Winning: Who Is In Control of Charlie Sheen?

This past week no one could escape the public spectacle that is Charlie Sheen. After years of partying indiscretions, which the public laughed off with an eye roll, Mr. Sheen took matters into his own hands by submitting to a set of interviews that has given millions of people a brand new series of quotables. Rather than repeat dialogue from our favorite movies, we’ve taken to quoting, paraphrasing, and even printing on t-shirts, his musings.

The key is that Sheen has taken the initiative in directing his own public perception with a “best defense is a good offense” approach. Rarely do you see someone flaunt his or her rock n’ roll lifestyle, in real time nonetheless. Usually wild dalliances of this sort are reserved for the cautionary tale told in past tense a la VH1’s “Behind the Music. Who could forget the “E! True Hollywood Story” about Motley Crue? Instead, by using euphemism-laden addict-speak in an attempt to rally the public, he completely skips past, and in fact, challenges the mandatory public flogging and “Come to Jesus” forgiveness sessions normally administered by Dr. Phil, Oprah and others of that ilk.

In this case, it’s Mr. Sheen who is narrating his own deathwatch using a hungry media he knows all too well and new media tools like Twitter and Ustream to keep control. Media moguls from Mark Cuban to Howard Stern have offered him his own programs for clear expression. He is this generation’s slow-speed OJ chase except he is at the wheel. With him controlling the conversation and dictating the terms, all anyone can do is watch and wish they could be a fly on the wall at his house. Who needs to pay attention to Hugh Hefner and his faux marriages, meant only to promote magazine sales, when you can see the real thing?

 

 
Rather than watch, with that collective eye-roll, an aging playboy in a musty mansion, wouldn’t you rather witness, in shock, an out of work actor living with a pot model and a pornstar? And finally Mr. Sheen can be judged in the marketplace of ideas for his personal exploits because CBS and Warner Brothers certainly did not. They merely aided and abetted him all these years, promoting a TV show to a duped middle-America while he abused women and drugs.
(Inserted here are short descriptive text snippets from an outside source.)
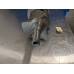 #XU01 Crankshaft Standard For 02-05 Jaguar X-Type  2.5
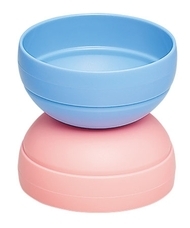 ローヤル株式会社のプレスリリース画像3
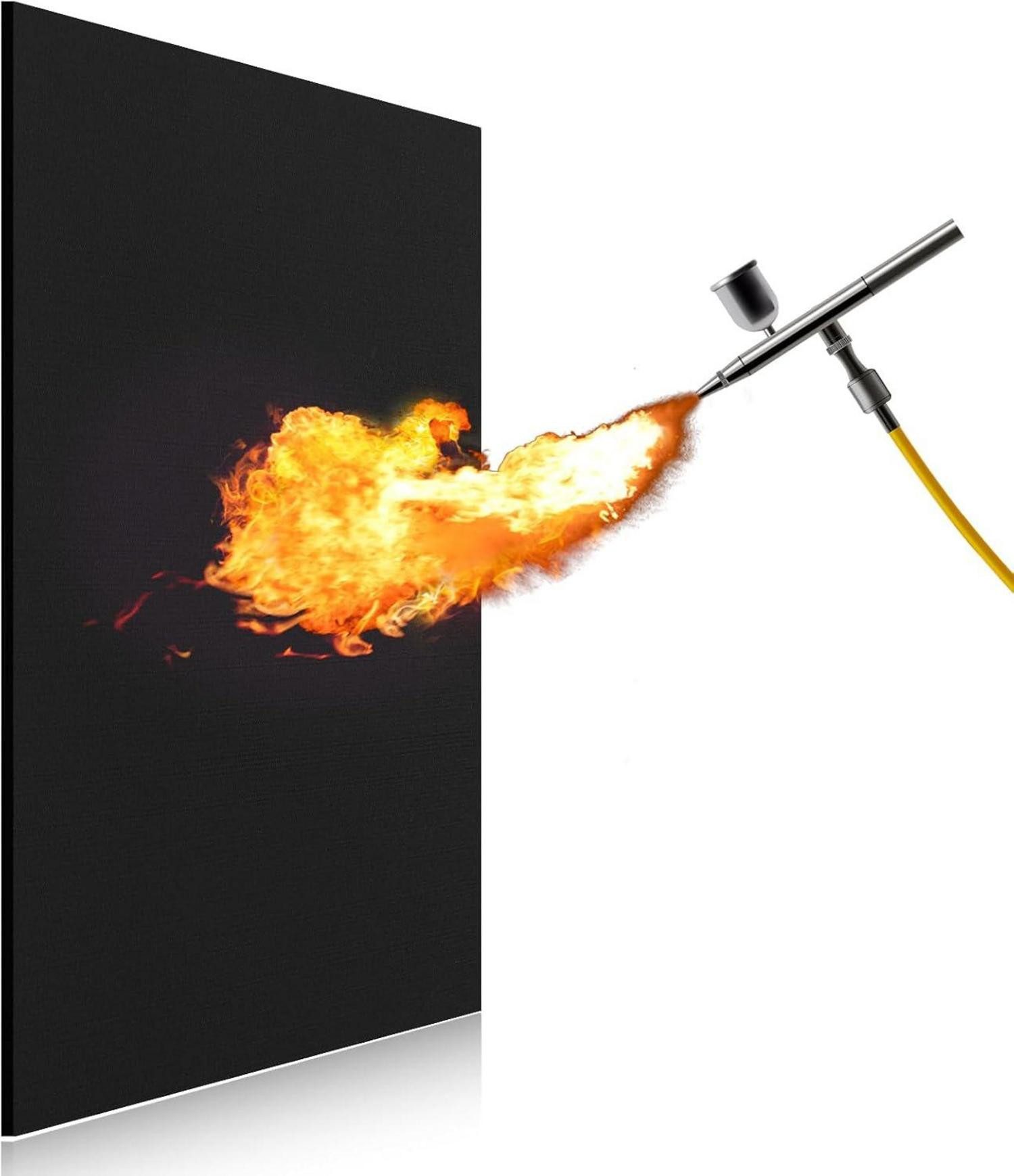 LuxusKollektion Kaminofen-Erweiterungssegmet Feuerfeste Unterlage Hitzebest günstig online kaufen
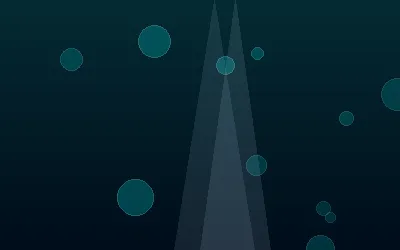 捕鱼达人特殊鱼种攻略 | {{ag捕鱼}}图鉴 缩略图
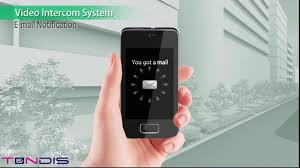 Acis involved numerous complementary services ranging from fields engineering, consultancy, installation, testing & commissioning. Sh Communications Technologies Sdn Bhd Home Facebook
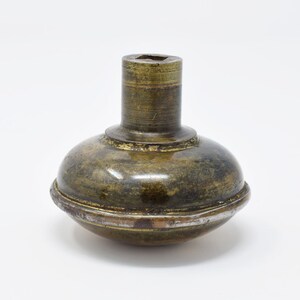 Brass Door Knob image 6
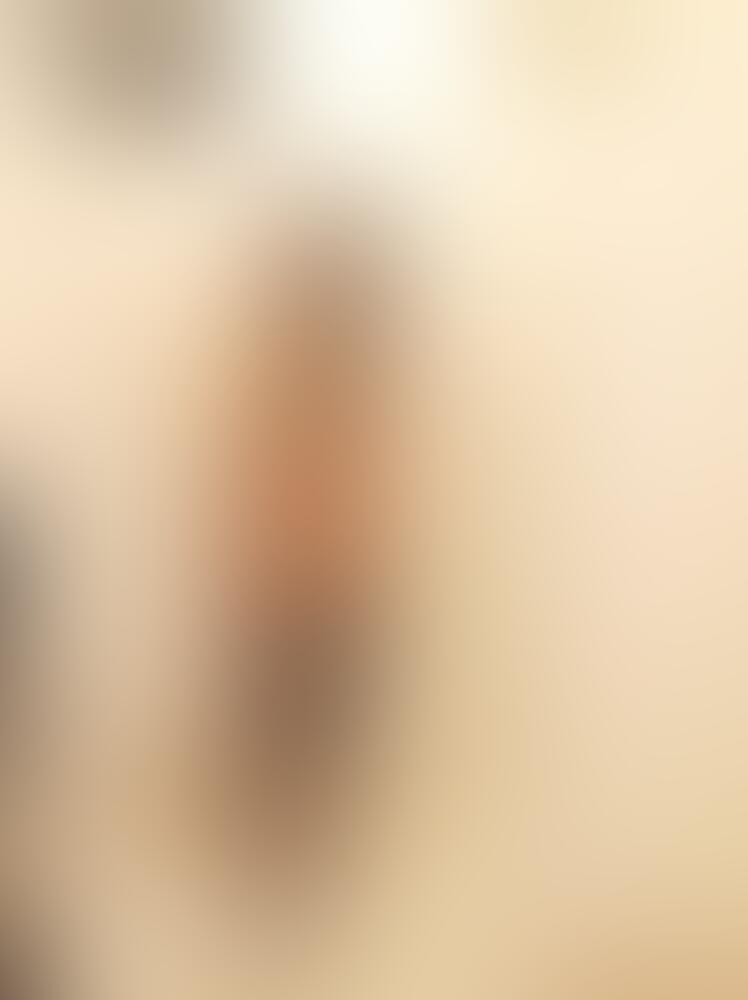 Hot milfa z dużym biustem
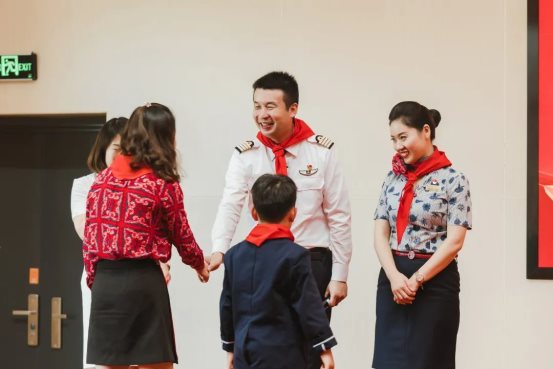 dc7f63f56ed688ea4b88c3346589eb55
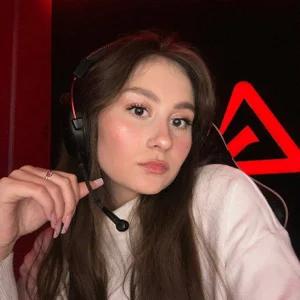 LarueRehling Public Gambar 2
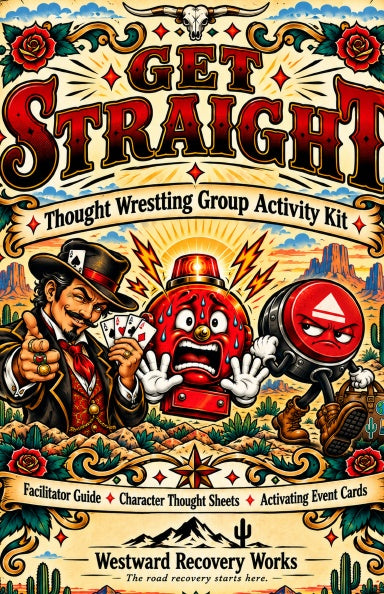 Book Cover Variant Thumbnail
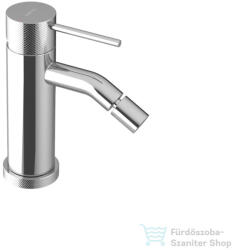 SAPHO ULTRASAN álló bidécsaptelep, króm UT003V (UT003V)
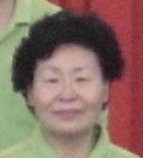 namsangsuk-sop.jpg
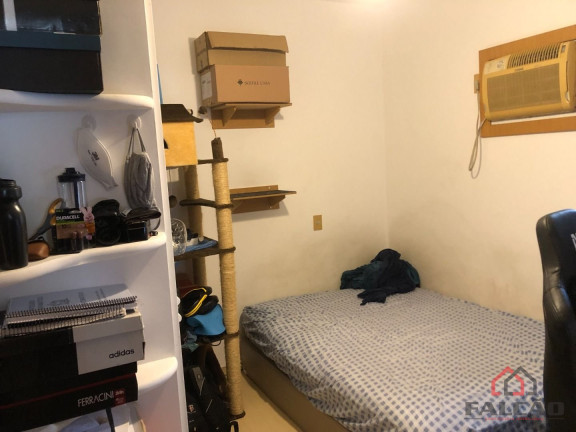 Imagem Apartamento com 4 Quartos à Venda ou Locação, 214 m² em Boqueirão - Santos Imagem Apartamento com 4 Quartos à Venda ou Locação, 214 m² em Boqueirão - Santos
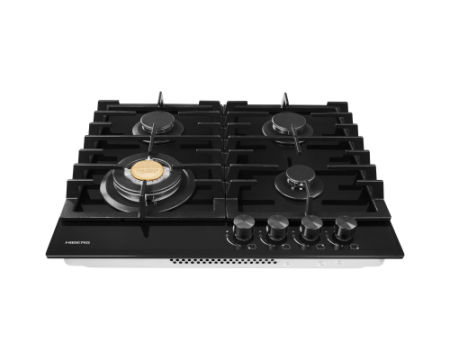 Варочная поверхность Hiberg VM 60440 B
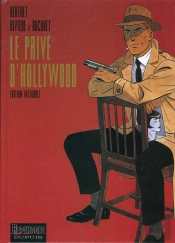 Integrale Le Prive D'Hollywood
With “Two and a Half Men”, CBS, the network that carried the program, and Warner Brothers, the production company behind it, are culpable. Earlier this week, the network’s CEO, Les Moonves, addressed the issue at a Morgan Stanley Technology conference in San Francisco. Moonves wishes Sheen “would have worked this hard to promote himself for an Emmy” and went on to say that canceling the remaining episodes actually saves CBS money. Rubbish, I say.
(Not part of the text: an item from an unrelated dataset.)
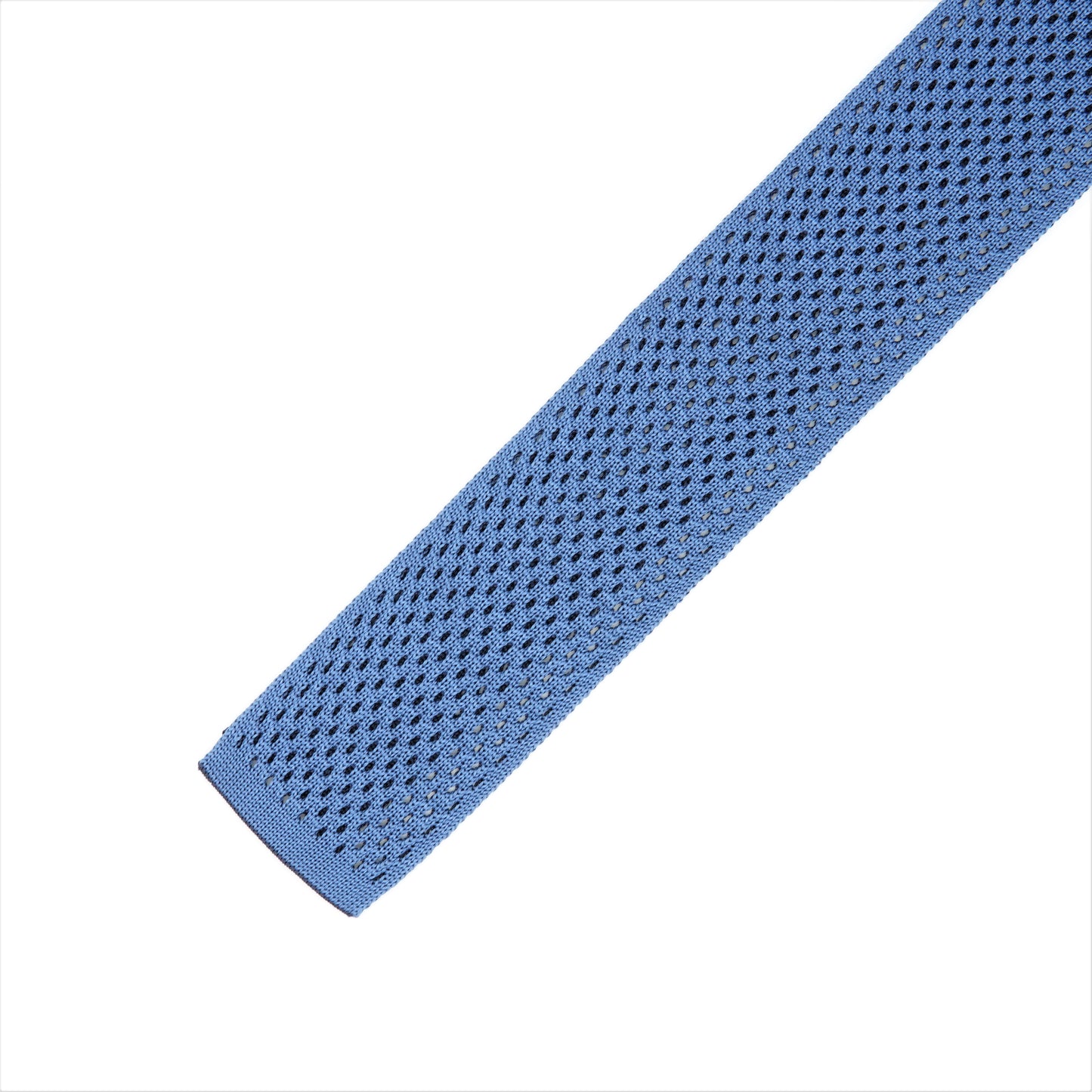 LEONARDO REVERSIBLE KNITTIE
Not to defend Mr. Sheen and his behavior, but this is typical corporate backpedaling. These are statements said to potentially quell angry shareholders. The reality is that all these years, CBS & Warners needed Mr. Sheen’s antics to promote the show’s ratings because of similarities between his character on the show and his real-life persona. He flew just close enough to the sun to not burn up and cause a complete public spectacle while keeping those companies executives at bay. But now that Mr. Sheen is imploding in spectacular style and has gone way off the reservation, the genie will never go back inside the bottle and both companies have no choice but to feign ignorance and distance themselves. Warners has gone on to formally fire him from the show and are now counter-suing Sheen as if they are just now waking up to his behavior.
 
At the end of the day this public deathwatch of a very talented actor, who was handed fame at a young age, is pathetic and sad on all fronts. Mr. Sheen was not yet 21 when John Hughes presciently cast him in “Ferris Bueller’s Day Off”. He shares one scene with Jennifer Grey in which his character freely admits that he’s in police custody for drugs. Within moments of the two characters meeting he manages to seduce her, much as he has managed to seduce the public in the last week. When he does return to television, except this time as the star of his own reality show, Mr. Sheen will have come full circle; from teen sensation to Lollapalooza sideshow.

 

But to criticize the general public for their fascination with this circus would be high-minded and pompous. This is just another train wreck in the town square, which in the age of Twitter, Facebook and a 24-hour news cycle has only been amplified to the loudest volume. Everyone has no choice but to watch and add their own two cents. But in time it will all pass and Lindsay Lohan will be out of jail, ready to start the cycle of public consumption and excess all over again.

So tell me, who exactly is winning here?